Nomogram establishment and validation

Utilizing the baseline demographic features, clinical manifestations, and laboratory parameters from the training set, we employed LASSO regression to analyze 34 variables. Subsequently, we selected lambda.1se which was 0.052 as the optimal lambda, leading to the identification of seven potential candidate factors: age, hemorrhage symptoms, nervous system symptoms, PT, D-dimer, CRP, and CREA, after filtering out nonzero coefficient features (Fig. 2). Multivariable logistic regression analysis was then conducted, incorporating these seven nonzero coefficient features (Table 3). The results revealed that older age (OR, 1.060; 95% CI, 1.017–1.109; P = 0.007), prolonged PT (OR, 1.765; 95% CI, 1.175–2.752; P = 0.008), elevated levels of CREA (OR, 1.017; 95% CI, 1.003–1.031; P = 0.019) and D-dimer (OR, 1.039; 95% CI, 1.005–1.078; P = 0.032), along with the presence of hemorrhage symptoms (OR, 3.414; 95% CI, 1.096–10.974; P = 0.035) and nervous system symptoms (OR, 8.244; 95% CI, 3.035–26.858; P < 0.001), were identified as independent risk factors for severe SFTS patients. Subsequently, a predictive model was constructed incorporating these six independent risk factors and visualized through a dynamic nomogram. To illustrate the model’s utility, we selected a specific participant to demonstrate the prediction process. For instance, a patient aged 72, with PT of 14.4s, CREA of 66.4µmol/L, D-dimer of 41.52 mg/L, and presenting with nervous system symptoms at admission, would yield a total point score of 343 and an estimated probability of progressing to severe disease of 90.3% (Fig. 3).
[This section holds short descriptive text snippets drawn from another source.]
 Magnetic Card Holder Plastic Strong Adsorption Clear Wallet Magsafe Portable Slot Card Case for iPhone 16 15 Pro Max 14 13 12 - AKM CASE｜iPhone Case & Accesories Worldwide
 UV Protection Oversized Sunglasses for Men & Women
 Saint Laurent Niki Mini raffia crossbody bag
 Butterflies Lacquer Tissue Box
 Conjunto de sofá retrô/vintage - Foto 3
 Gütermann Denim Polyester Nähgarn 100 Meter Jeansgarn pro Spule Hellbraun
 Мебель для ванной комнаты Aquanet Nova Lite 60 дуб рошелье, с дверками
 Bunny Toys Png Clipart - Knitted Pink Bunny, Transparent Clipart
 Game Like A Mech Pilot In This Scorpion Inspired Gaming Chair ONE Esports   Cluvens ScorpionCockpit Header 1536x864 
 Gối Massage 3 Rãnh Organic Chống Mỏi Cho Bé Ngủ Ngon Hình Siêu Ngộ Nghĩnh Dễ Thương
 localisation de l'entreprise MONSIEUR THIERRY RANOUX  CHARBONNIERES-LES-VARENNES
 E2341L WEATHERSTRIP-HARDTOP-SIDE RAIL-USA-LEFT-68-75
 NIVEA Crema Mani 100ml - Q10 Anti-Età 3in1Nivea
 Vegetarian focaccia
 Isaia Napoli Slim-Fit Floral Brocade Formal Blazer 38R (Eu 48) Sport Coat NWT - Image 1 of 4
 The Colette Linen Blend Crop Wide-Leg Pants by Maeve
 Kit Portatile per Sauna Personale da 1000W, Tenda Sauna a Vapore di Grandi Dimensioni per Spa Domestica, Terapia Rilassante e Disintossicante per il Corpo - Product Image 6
Potential predictive variables selection by LASSO regression. (A) Seven predictors with non-zero coefficients were screened among 34 variables by deriving the optimal lambda. (B) Range of lambda and optimal lambda selection in the LASSO model

Full size image

Dynamic nomogram for predicting of the severity of SFTS patients. (A) The dynamic nomogram. Assign points to each predictor by drawing vertical lines to the “Points” axis followed by calculating the total points as their sum. The probability of disease progression can be easily acquired according to the total points. The example in the figure above showed that a patient aged 72, with PT of 14.4s, CREA of 66.4µmol/L, D-dimer of 41.52 mg/L, and presenting with nervous system symptoms at admission, would yield a total point score of 343 and an estimated probability of progressing to severe disease of 90.3%. (B) The interactive interface of the online dynamic nomogram (https://sfts.shinyapps.io/SFTS_severity_nomogram/). PT, prothrombin time; CREA, creatinine, SFTS, severe fever with thrombocytopenia syndrome

Full size image

The ROC curve analysis was employed to assess the discriminative capacity of the prediction model. The area under the curve (AUC) values of the ROC were 0.9009 (95% CI, 0.8563–0.9455) and 0.9312 (95% CI, 0.8796–0.9827) in the training set and the validation set, respectively (Fig. 4), indicating favorable specificity and sensitivity. The calibration curves demonstrated that the predicted probabilities aligned well with the actual incidence of severe disease, and mean absolute errors were 0.019 and 0.032 in the training and validation set, respectively (Fig. 5). The C-index for severe SFTS prediction for the training set and validation set was 0.901 (95% CI, 0.857–0.945) and 0.931 (95% CI, 0.880–0.982) respectively. The DCA curves illustrated that the threshold probabilities of the prediction model in the training and validation sets were 24.2–88.2% and 27.9–82.6%, indicating that the model had clinical decision-making value evaluated by balancing discrimination and calibration (Fig. 6).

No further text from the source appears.